Author Carpentry logo

Author Carpentry : Docker for reproducible research

This course uses the Author Carpentry template but is not an Author Carpentry lesson yet! Find out more on the progress of this project at https://github.com/AuthorCarpentry/planning/issues/3.

Reproducibility of computational results is crucial in modern algorithm-based research. In this lesson, we introduce Docker as a useful tool to (a) document your computational environment, and (b) make a computational environment transferable across machines and thus archivable. The intention of this course is to showcase Docker as a useful tool for scientists, even if they are not regular users of the command line, which this course is completely based on.

Content Contributors: Daniel Nüst

Lesson Maintainers: Daniel Nüst

Lesson status: In Development

Learning Objectives:

Topics:

  1. Getting started with Docker
  2. RStudio in a Docker container
  3. Jupyter in a Docker container
  4. Transfer and archive of containers
  5. Create an image from a Dockerfile

Optional

Scope of this lesson

This lesson provides a rather “raw and manual” approach to creating reproducible packages of data, code, and the required runtime environment. Making this potentially tedious process more comfortable and ideally automatic for users is an active field of research, see for example the Executable Research Compendium by the o2r project, and tools such as ReproZip. Naturally understanding in depth how reproducibility can be achieved provides a clear advantage over simply using a white box (the existing tools are all open, so there is no black box). Therefore this lesson’s contents on concepts or containerization/virtualization and the leading open source tool are surely worth knowing, even when using supporting tools and services. This also makes this topic suitable for a generic audience interested in Author Carpentry.

Requirements

Author Carpentry’s teaching is hands-on, so participants are encouraged to use their own computers to insure the proper setup of tools for an efficient workflow. These lessons assume no prior knowledge of the skills or tools, but working through this lesson requires working installations of the software described below.
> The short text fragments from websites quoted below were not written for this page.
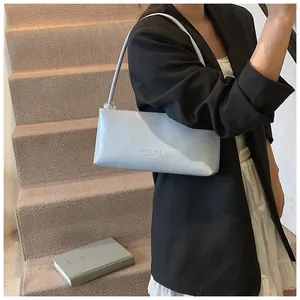 Detail of light blue faux leather baguette bag with beaded strap on wooden stairs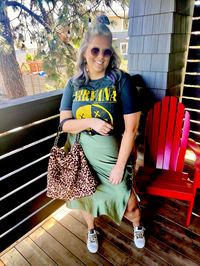 This is a 🛍️Shoppable🛍️ Pin!   Skirt outfit, Dressy outfit, date night outfit, graphic tee outfit, elevated casual outfit Graphic tee shirt, midi satin skirt, hobo bag, sunglasses, black, olive green midsize, curvy, outfit, idea, inspo, inspiration, outfit of the day, ootd, midsize ootd, curvy ootd, midsize outfit, curvy outfit, size 12, size 14, size 16, size18  #summerstyle #skirtfashion #ootd #outfits#outfitoftheday #womenswear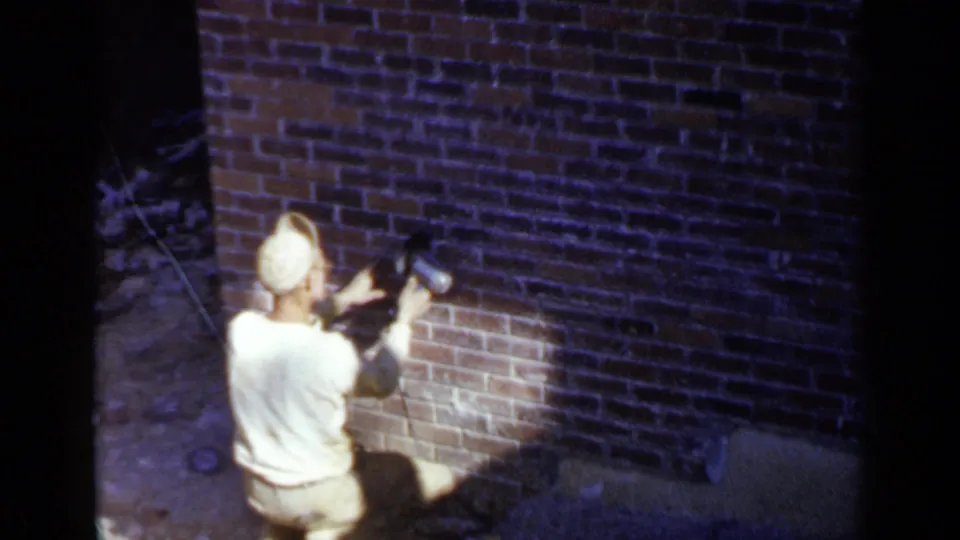 The 8mm frame shows a kneeling worker at the base of a brick wall, focused on lower brick cleaning or repair work.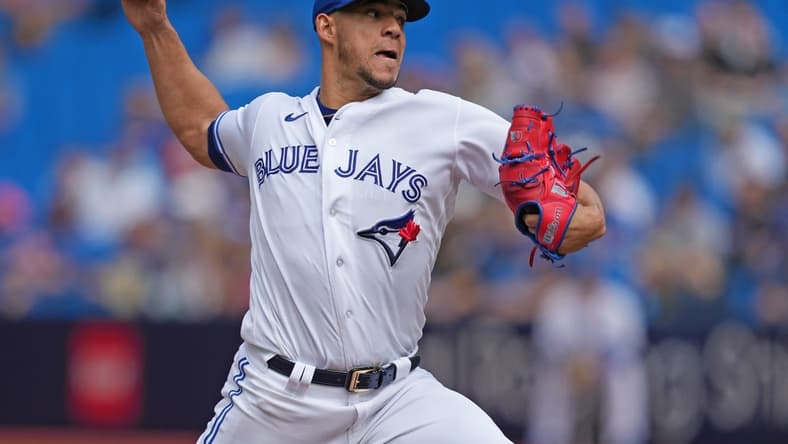 Sep 10, 2023; Toronto, Ontario, CAN; Toronto Blue Jays starting pitcher Jose Berrios (17) throws a pitch against the Kansas City Royals during the first inning at Rogers Centre. Mandatory Credit: Nick Turchiaro-USA TODAY Sports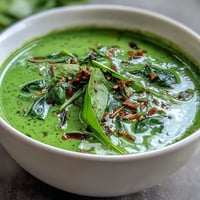 Creamy green Spinach Coriander Lemongrass Soup served hot with lime wedges and cilantro.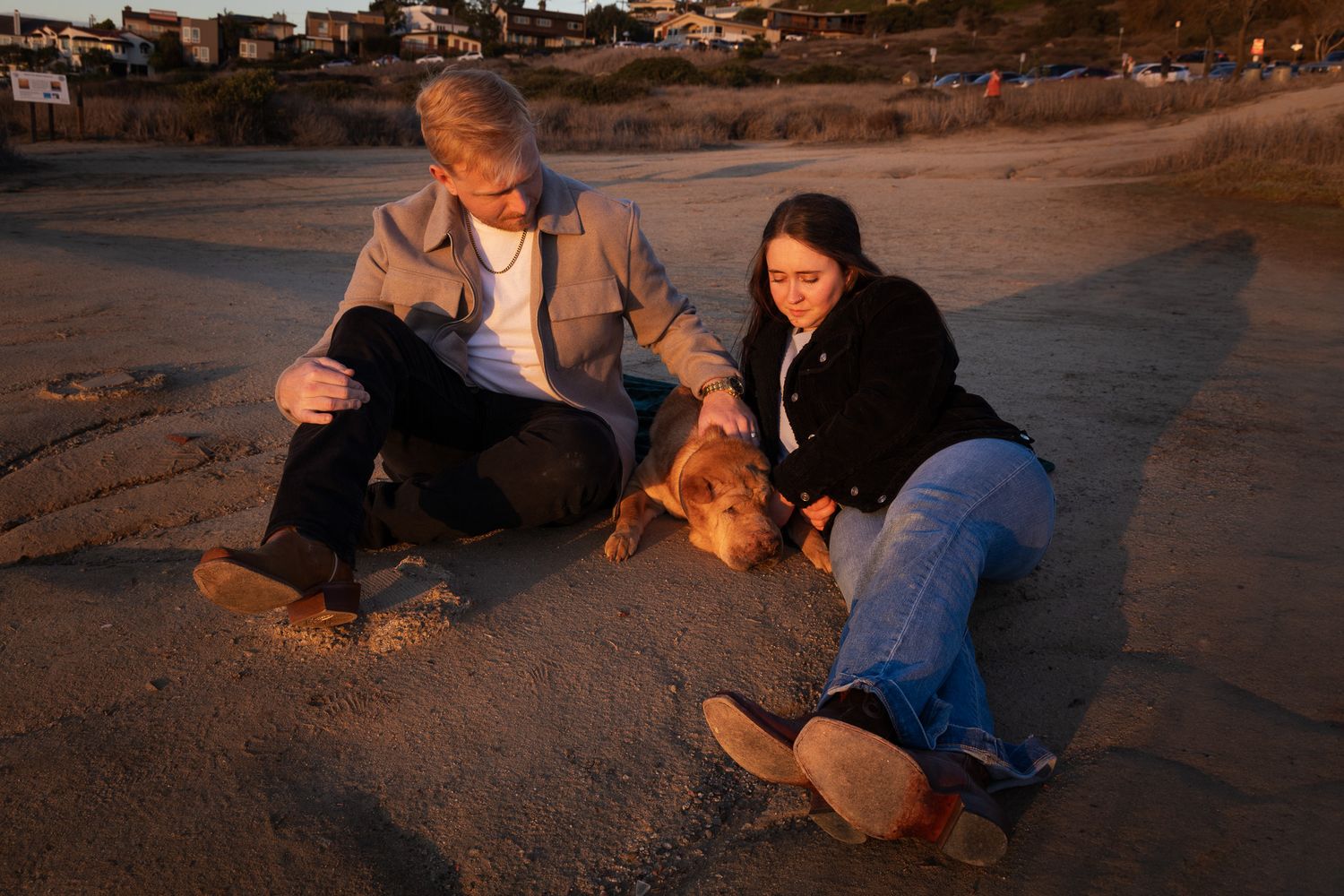 Man and woman sitting on sandy beach petting a brown dog in warm evening light.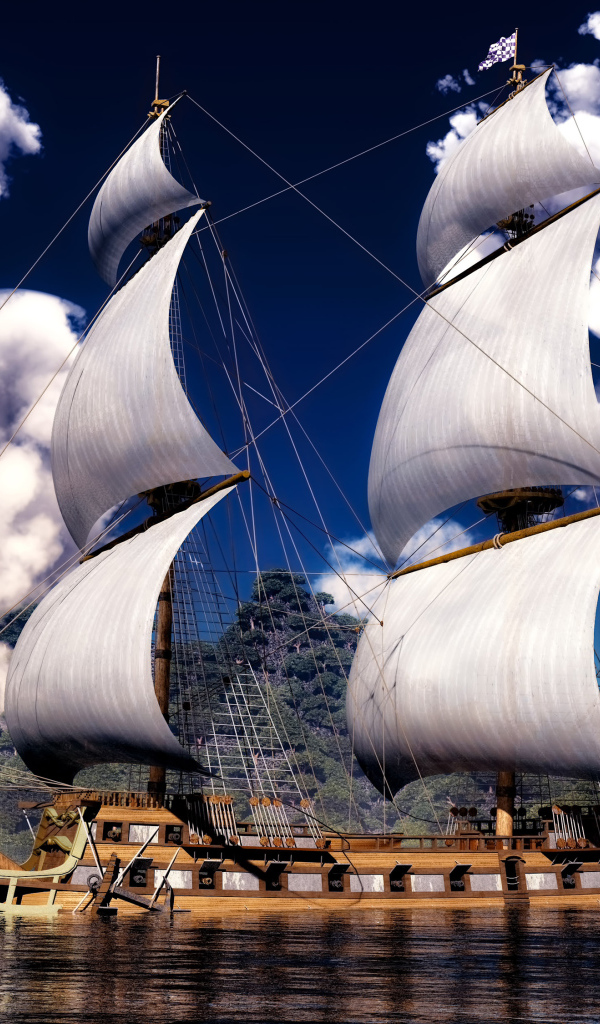 Красивое парусное судно на фоне белых облаков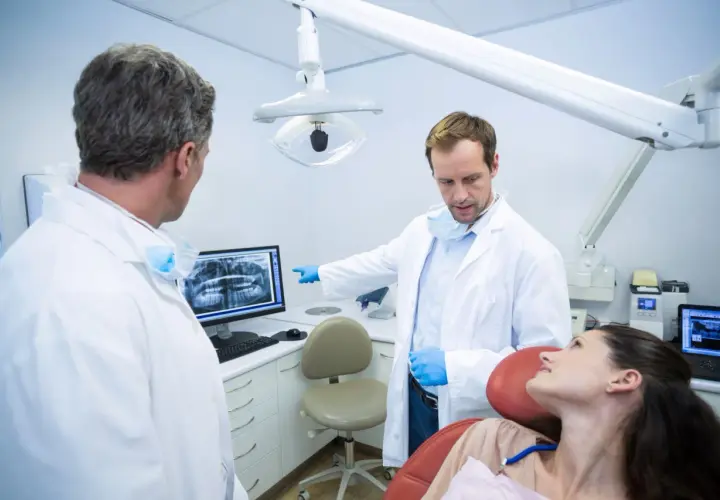 Dwóch dentystów omawia zdjęcie rentgenowskie z pacjentką, zastanawiając się, ile zarabia dentysta NFZ.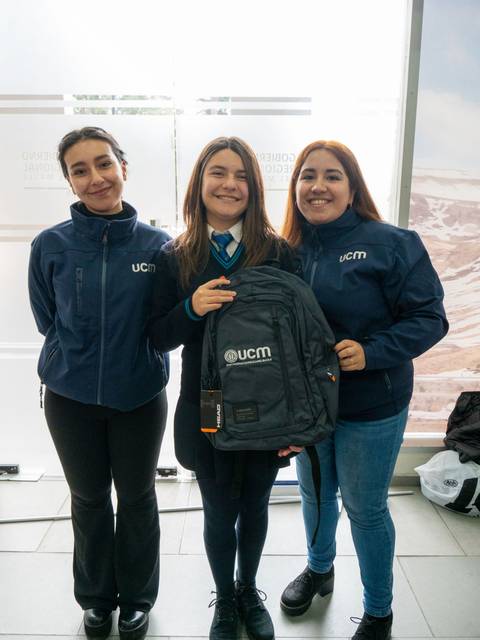Tres personas sonrientes posan juntas con una mochila en un ambiente interior.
To most effectively use these materials, please make sure to install everything before working through this lesson.

Optional requirements

In addition to the software, please bring a piece of your own research in one of the following formats (preferred formats first) if you have one at hand. This could be your digital notebook, or a section of any analysis script you’ve been using for a published paper, for example. Make sure you can share these files with other course participants, i.e. also bring required data, remove information with privacy issues, and potentially make an excerpt of a longer script and make sure it still runs.